But who exactly is Surya Kant — the 53rd Chief Justice of India?
From a Village in Hisar
Who is CJI Surya Kant? Surya Kant was born on 10 February 1962 in the village of Petwar in Haryana’s Hisar district, into a middle-class family. His father, Madan Gopal Sharma, was a Sanskrit teacher. He studied in a village school with no benches, sitting on the ground.
He graduated from Government Post Graduate College, Hisar in 1981, and earned his Bachelor’s degree in Law in 1984 from Maharishi Dayanand University, Rohtak. Decades later, in 2011, he secured First Class First in his Master’s degree in Law from Kurukshetra University — a distinction that underlines his lifelong commitment to the craft.
The Chandigarh Years
After starting his legal practice at the District Court in Hisar in 1984, Surya Kant made a pivotal decision the following year — he shifted to Chandigarh to practise at the Punjab and Haryana High Court. He specialised in Constitutional, Service and Civil matters, representing universities, boards, corporations, banks and the High Court itself.
Those two decades at the P&H High Court would define him.

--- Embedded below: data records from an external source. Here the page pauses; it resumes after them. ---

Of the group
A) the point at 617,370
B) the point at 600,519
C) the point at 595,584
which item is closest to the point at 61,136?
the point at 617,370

On 7 July 2000 he became the youngest Advocate General of Haryana, and was designated as Senior Advocate in March 2001. He was elevated as a permanent Judge of the Punjab and Haryana High Court on January 9, 2004.

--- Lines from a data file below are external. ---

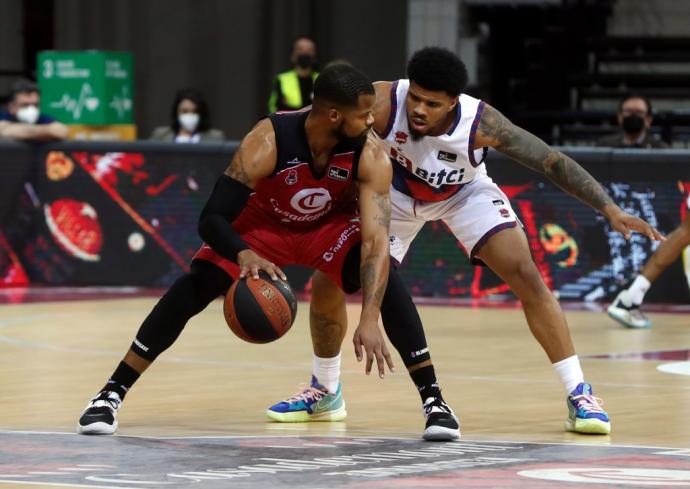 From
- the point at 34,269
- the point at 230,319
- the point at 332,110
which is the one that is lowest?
the point at 34,269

During his tenure at the Punjab and Haryana High Court, he delivered the Jasvir Singh judgment, directing the State of Punjab to form a Jail Reforms Committee for creating a scheme enabling conjugal and family visits for jail inmates, keeping in mind the reformatory goals of such amenities.

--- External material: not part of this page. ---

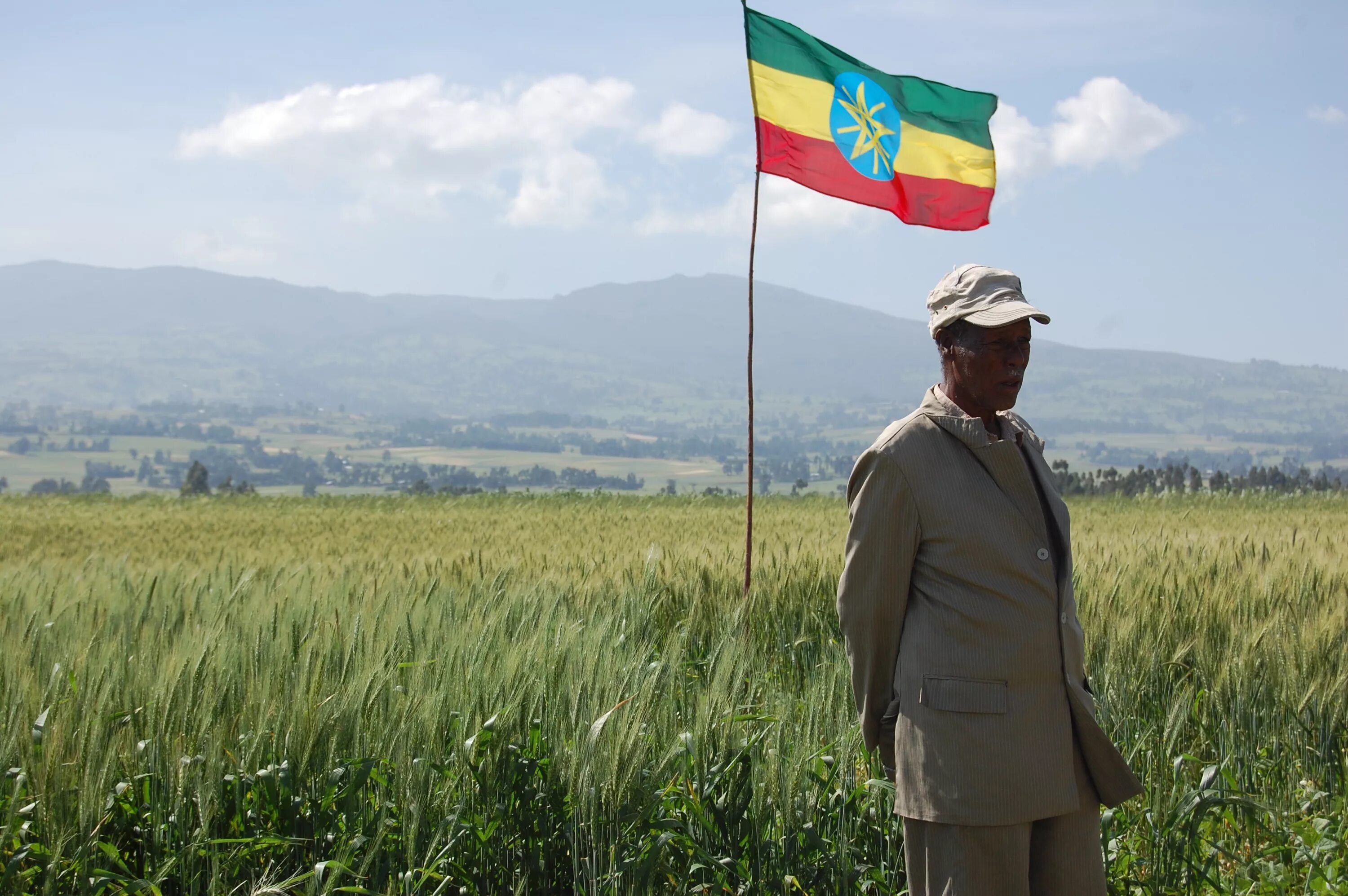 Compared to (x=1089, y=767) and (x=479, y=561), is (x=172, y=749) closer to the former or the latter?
(x=1089, y=767)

Himachal Pradesh and the Road to the Supreme Court
He assumed charge as Chief Justice of the High Court of Himachal Pradesh on October 5, 2018. His appointment drew some controversy — Justice A.K. Goel, a consultee who had been elevated to the Supreme Court from the Punjab and Haryana High Court, had disagreed with the Collegium’s recommendation. Nonetheless, the appointment stood.
On 24 May 2019 he became a Judge of the Supreme Court of India. On 24 November 2025, the President of India administered the oath of office to Justice Surya Kant as the 53rd Chief Justice of India, succeeding CJI B.R. Gavai.
A Judge Who Left His Mark
His tenure as a Supreme Court judge is marked by verdicts on the abrogation of Article 370, free speech and citizenship rights. He was part of the bench that kept the colonial-era sedition law in abeyance, directing that no new FIRs be registered under it until a government review.
He was on the bench that heard the Pegasus spyware case, which appointed a panel of cyber experts to probe allegations of unlawful surveillance, famously stating that the state cannot get a “free pass under the guise of national security.”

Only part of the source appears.